- Scraped caption text data -
- Opening Delimiter -
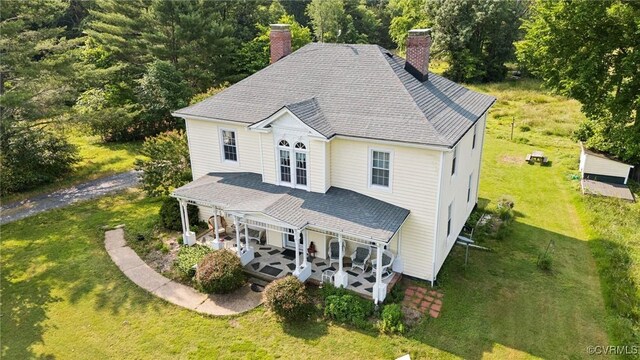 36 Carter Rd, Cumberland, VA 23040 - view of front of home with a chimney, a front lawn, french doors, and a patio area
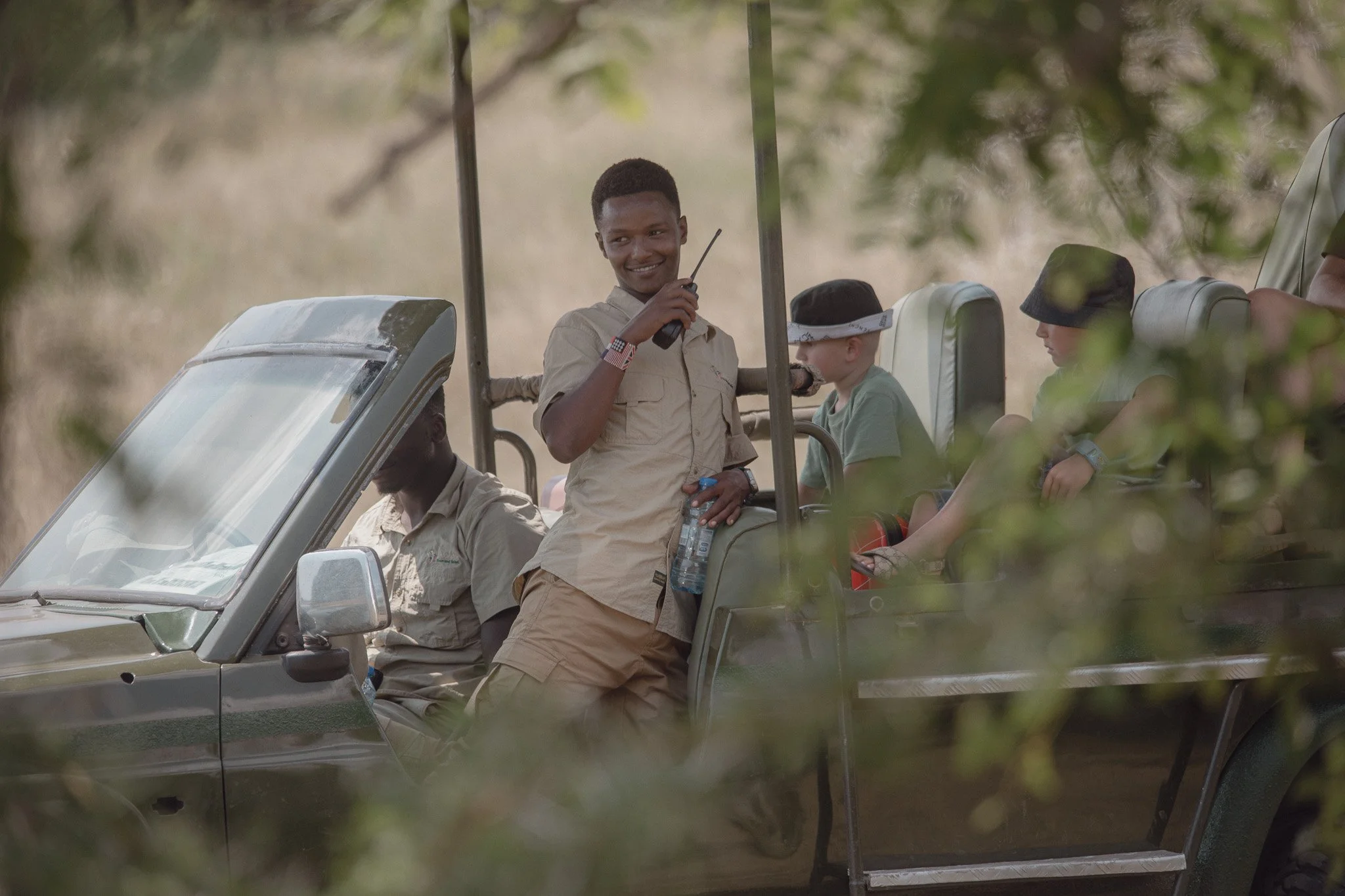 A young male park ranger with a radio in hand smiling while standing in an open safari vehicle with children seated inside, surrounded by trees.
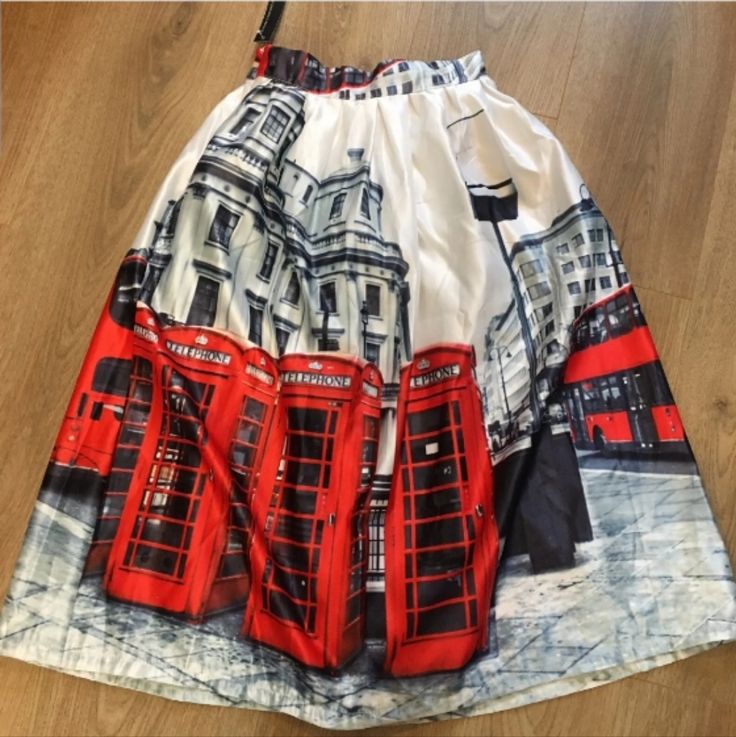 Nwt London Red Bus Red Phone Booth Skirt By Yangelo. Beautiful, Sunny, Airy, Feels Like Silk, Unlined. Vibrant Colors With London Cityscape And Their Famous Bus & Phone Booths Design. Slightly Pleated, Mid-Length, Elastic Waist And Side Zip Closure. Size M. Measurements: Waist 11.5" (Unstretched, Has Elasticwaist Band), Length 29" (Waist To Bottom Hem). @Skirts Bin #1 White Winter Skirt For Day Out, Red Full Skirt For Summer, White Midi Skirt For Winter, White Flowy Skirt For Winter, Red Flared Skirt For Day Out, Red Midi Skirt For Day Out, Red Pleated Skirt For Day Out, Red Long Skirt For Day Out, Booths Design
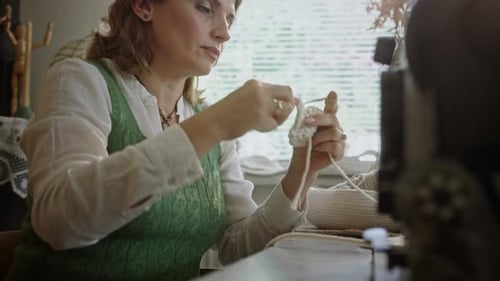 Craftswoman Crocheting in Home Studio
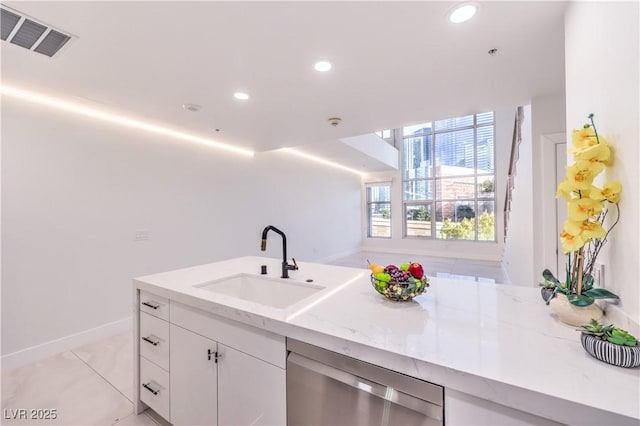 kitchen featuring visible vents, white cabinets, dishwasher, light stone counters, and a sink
- Closing Delimiter -
- TO DO -
Pictures omitted, give the entries again exactly.

- OUTPUT BELOW -
 36 Carter Rd, Cumberland, VA 23040 - view of front of home with a chimney, a front lawn, french doors, and a patio area
 A young male park ranger with a radio in hand smiling while standing in an open safari vehicle with children seated inside, surrounded by trees.
 Nwt London Red Bus Red Phone Booth Skirt By Yangelo. Beautiful, Sunny, Airy, Feels Like Silk, Unlined. Vibrant Colors With London Cityscape And Their Famous Bus & Phone Booths Design. Slightly Pleated, Mid-Length, Elastic Waist And Side Zip Closure. Size M. Measurements: Waist 11.5" (Unstretched, Has Elasticwaist Band), Length 29" (Waist To Bottom Hem). @Skirts Bin #1 White Winter Skirt For Day Out, Red Full Skirt For Summer, White Midi Skirt For Winter, White Flowy Skirt For Winter, Red Flared Skirt For Day Out, Red Midi Skirt For Day Out, Red Pleated Skirt For Day Out, Red Long Skirt For Day Out, Booths Design
 Craftswoman Crocheting in Home Studio
 kitchen featuring visible vents, white cabinets, dishwasher, light stone counters, and a sink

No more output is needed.